▶ **Image-caption web data**

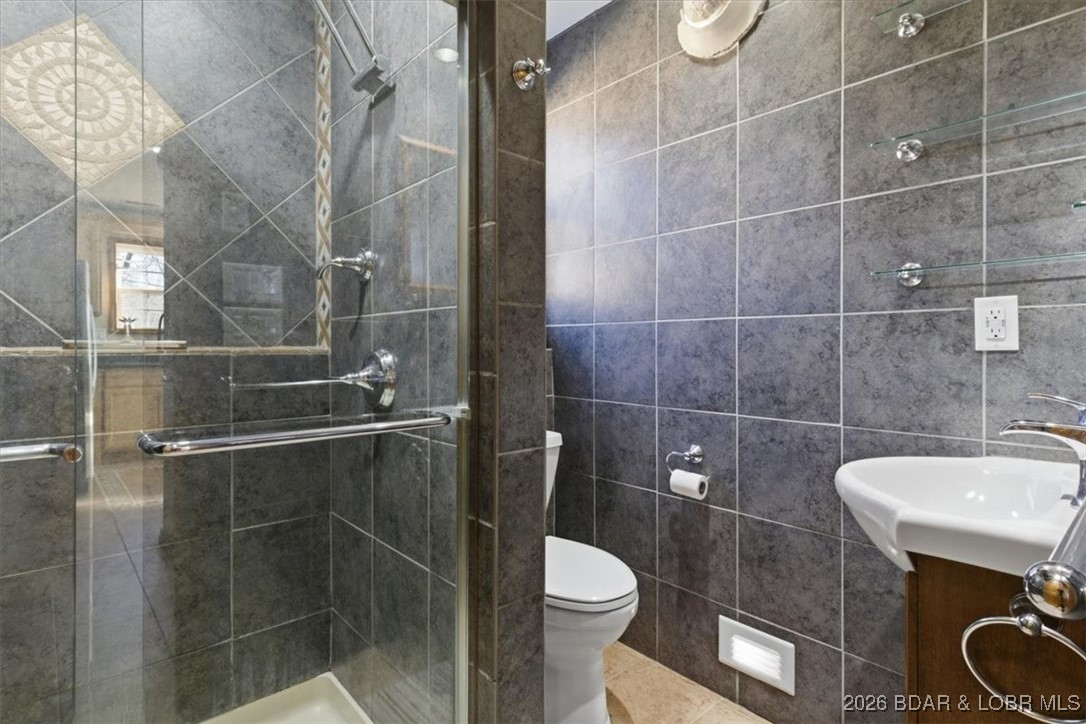 410 Nichol Road Edwards, MO 65326 - Photo 27 of 57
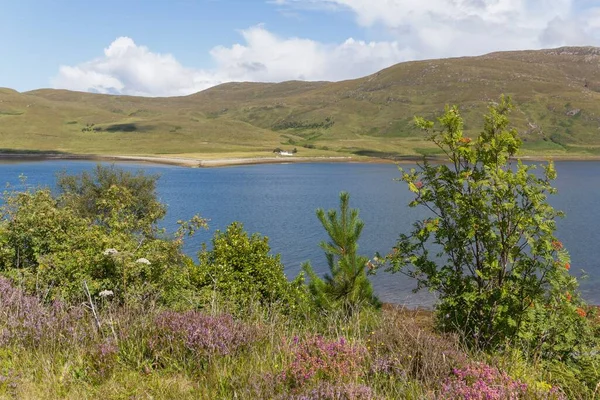 Nádherné Horské Jezero Obklopené Kopci Ostrov Skye Skotsko — Stock fotografie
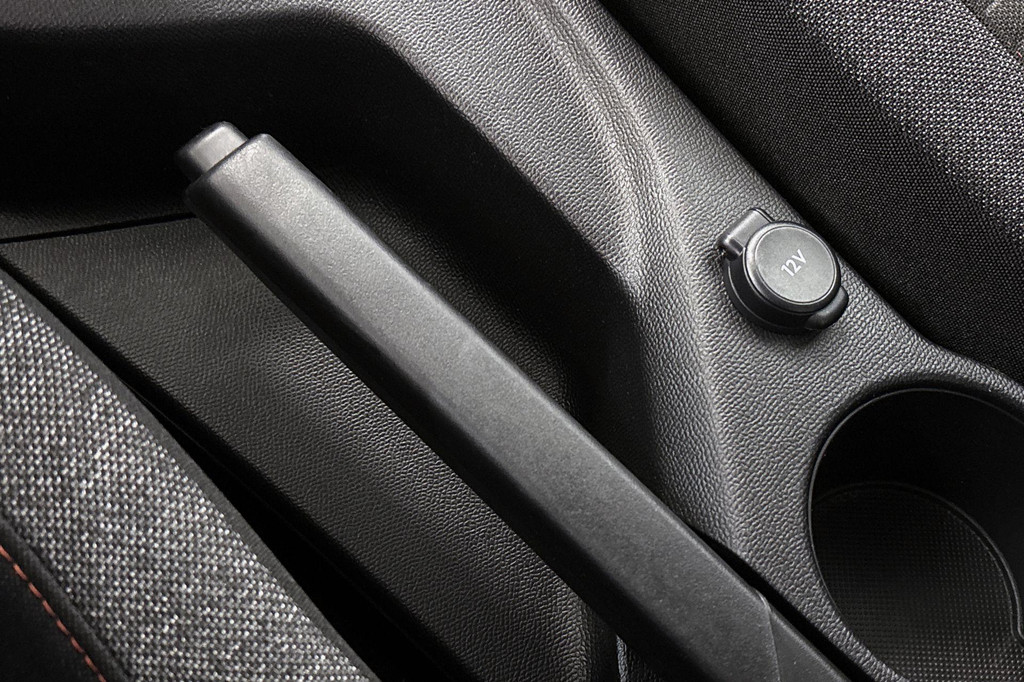 Peugeot 208 (T071HS) met abonnement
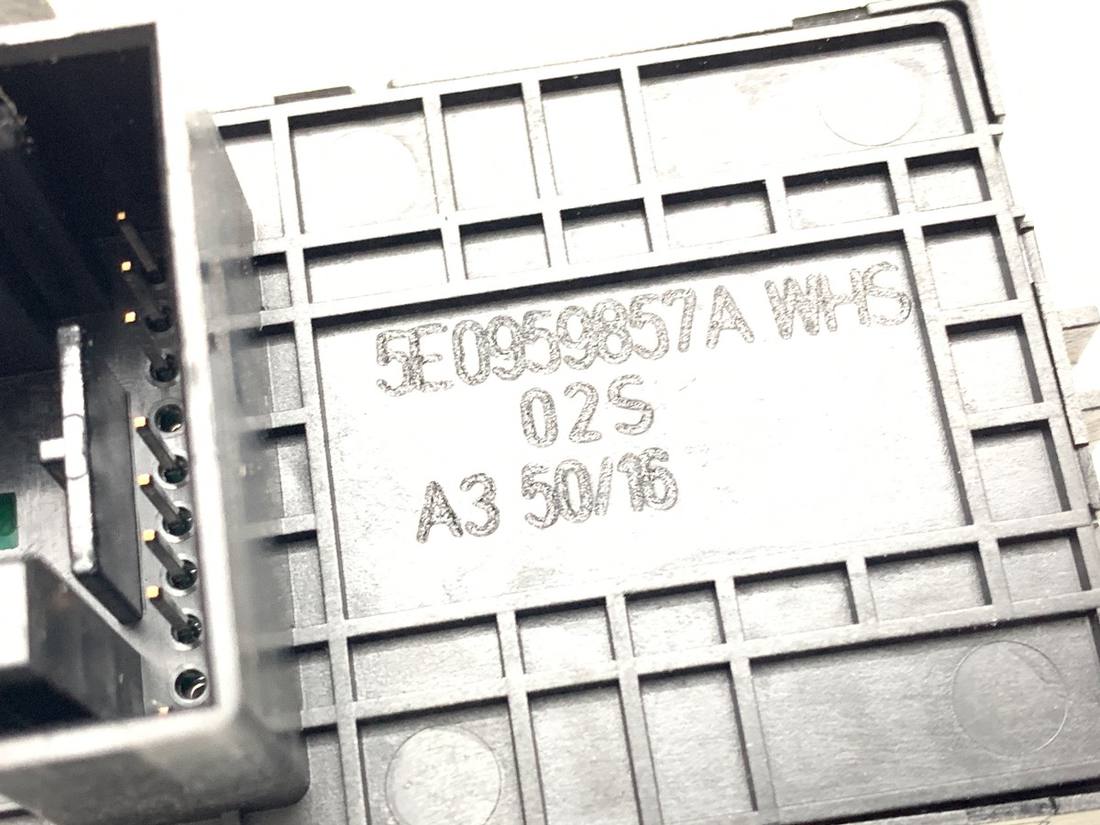 Блок кнопок склопідйомників Skoda Octavia 3 5E0959857A — фото деталі 4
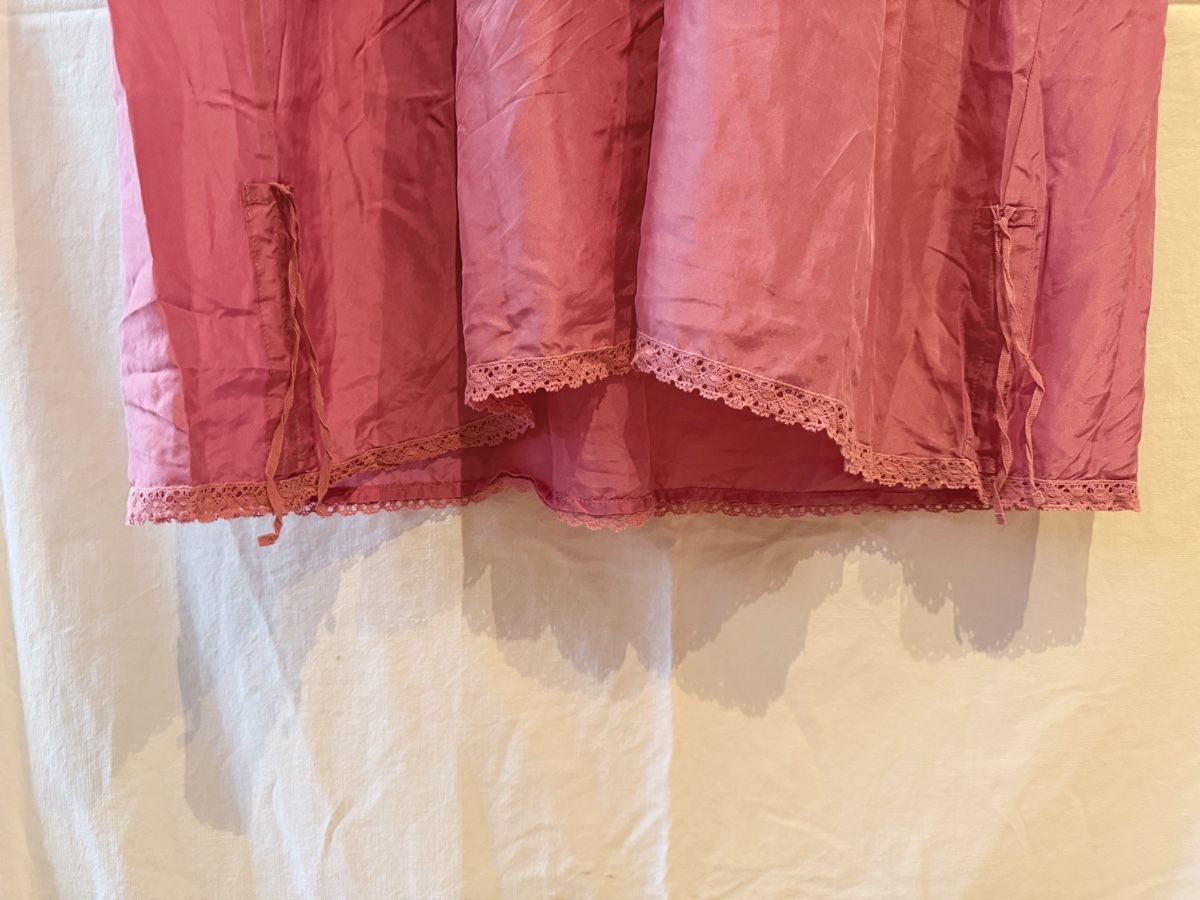 Nile Robes: NILE – D'occasion à Urnäsch par _._naomi_._ 1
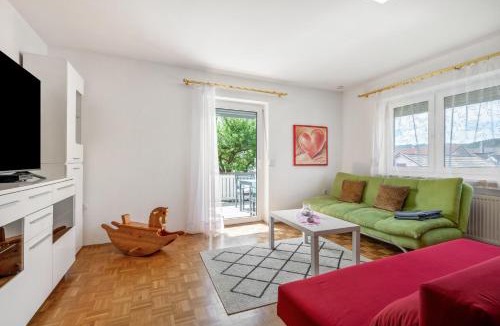 Frauenau Apartment | Fewo Lusen bis 6 Personen Bergblick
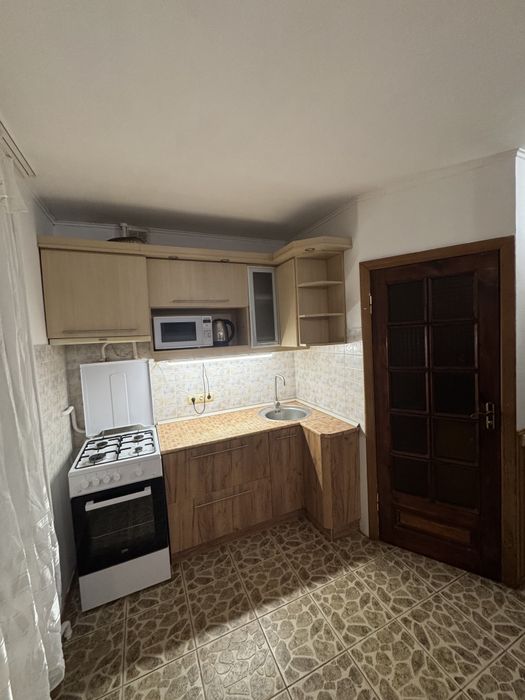 Затишна квартира-студія  | 1 поверх | 700-річчя | світло не вимикають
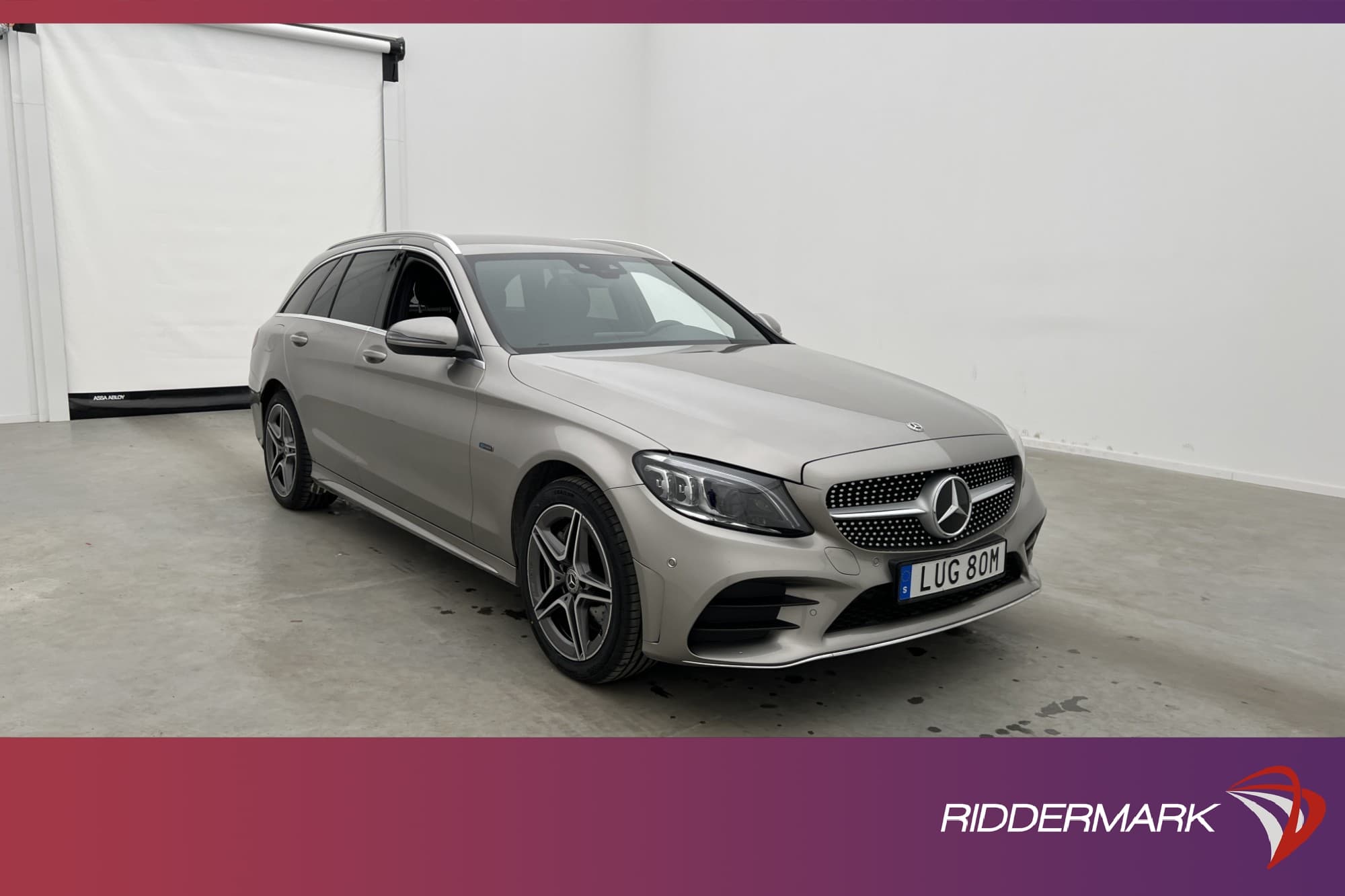 Mercedes-Benz C 300 e T 320hk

▶ **Assigned task**
The copy must include every record exactly and none of the pictures.

▶ **Completed exercise**
 410 Nichol Road Edwards, MO 65326 - Photo 27 of 57
 Nádherné Horské Jezero Obklopené Kopci Ostrov Skye Skotsko — Stock fotografie
 Peugeot 208 (T071HS) met abonnement
 Блок кнопок склопідйомників Skoda Octavia 3 5E0959857A — фото деталі 4
 Nile Robes: NILE – D'occasion à Urnäsch par _._naomi_._ 1
 Frauenau Apartment | Fewo Lusen bis 6 Personen Bergblick
 Затишна квартира-студія  | 1 поверх | 700-річчя | світло не вимикають
 Mercedes-Benz C 300 e T 320hk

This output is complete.